Muppet King Arthur #4 (BOOM KIDS!): Every time a new issue of Muppet King Arthur comes out, I'm forced to repeat myself, because Davide Peterson's Muppet King Arthur covers are always the best thing about the series. I mean, just look at it! This series has been worth picking up for the Peterson covers alone. Moving onto the actual story, inside we get a pun-filed conclusion to Kermit and Robin's power struggle, as well as a bit of foreshadowing for Sam the Eagle. Now that the series is over, we can pretty much say that Muppet King Arthur wasn't the best comic around, but it was entertaining enough so I'm not going to hate on it. It's hard to say mean things about any kids book, especially a Muppet book geared toward winning over a generation that never saw the original Muppet Show on television.
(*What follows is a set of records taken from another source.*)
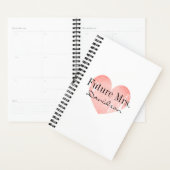 Toekomstige Mrs. spiraal weddingplanner voor bruid Planner (Display)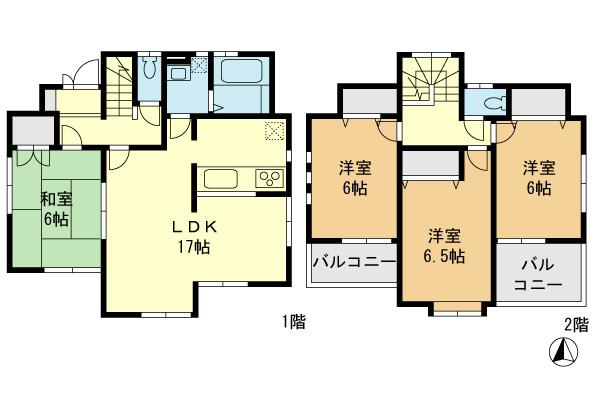 Floor plan. 37,800,000 yen, 4LDK, Land area 182.1 sq m , Building area 95.63 sq m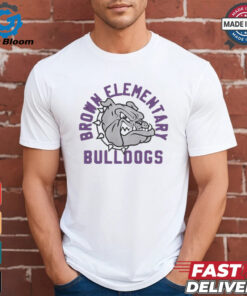 Brown Elementary Bulldogs logo shirt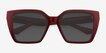 Delano Red Alternative MaterialsSunglass Frames from EyeBuyDirect, Closed View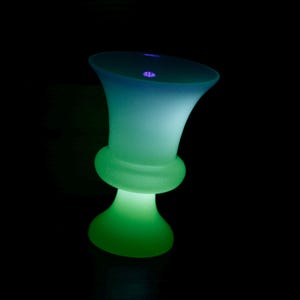 Vintage French Uranium Glass Vase - Vaseline Ouraline Glass Vase - White Green Glass Glowing UV Light Glass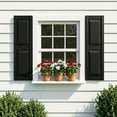 thumbnail image 2 of Resenkos Square Faux Window Panel, Durable, All-Weather Decor for Instant Architectural Character, 14"x25", Black, 2 of 11
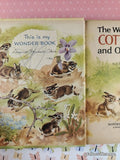 Vintage 1965 The Wonder Book of Cottontails & Other Rabbits Hardcover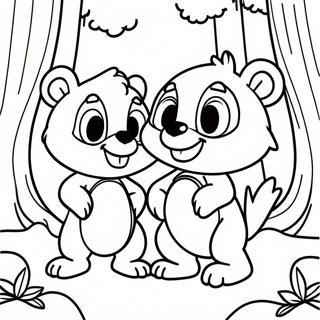 Pagina Para Colorir Do Chip E Dale Na Floresta 9687-7903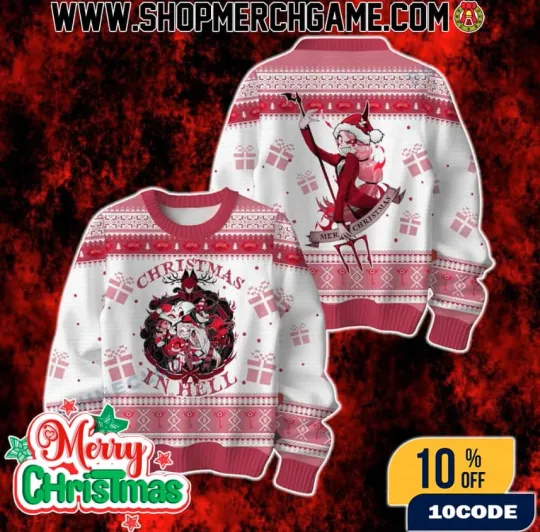 Discover Hazbin Hotel Christmas In Hell Ugly Christmas Sweater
For that reason alone, it deserves credit.
The Muppet Show #5 (BOOM KIDS!): As I just finished saying, it's hard to rate the quality of a Muppet comic for kids without coming off as a crusty crumb-bum, a right bastard of the "wasn't-it-better-back-when" club. So, instead of doing that, I'll just say thank you once again to Roger Langridge for his epic revitalization of the original Muppet Show skits and characters. Amy Mebberson's art is good, but I have to say that I do tend to like the comic more when Langridge does both the art and the writing. The main reason for this is that it seems to work better when you've got one person telling the joke, rather than somebody writing said joke and another person interpreting it. Other than that, I say keep supporting Muppet Show Comics, as one day some executive is bound to turn them into CGI ghouls.
GATTS BOOK OF THE WEEK:
GATTS BOOK OF THE WEEK:
Hellboy En Mexico (DARK HORSE, Mike Mignolia, Richard Corben, Dave Stewart): With two awesome Spider-Man books and a new issue of the Killer out this week, it was pretty hard to choose this round's book of the week, but I'm going to have to give it Hellboy En Mexico for a couple of reasons. First off, Hellboy wrestles a Mexican wrestler-turned-vampire, and that alone is worth your $3.50. Second, the Mike Mignolia alternate cover kicks-ass in a classic Hellboy fashion. Third, it was Cinco De Mayo, so Hellboy en Mexico was destined to win; but more than that, (and this is my final reason for picking it) Hellboy en Mexico was a perfect example of how non-continuity stories are the best for well-known superheroes. See a theme developing here? We had two examples for Spider-Man this week, but neither of them was really as purely enjoyable as Hellboy en Mexico. This is a comic you could pick up and read without knowing much of anything about the character (or his world) and you'd still enjoy it. Which brings us to my main criteria when it comes to book of the week, being, "could I find this comic on a bench and still enjoy it?" In the case of Hellboy en Mexico, the answer here is a resounding si Señor.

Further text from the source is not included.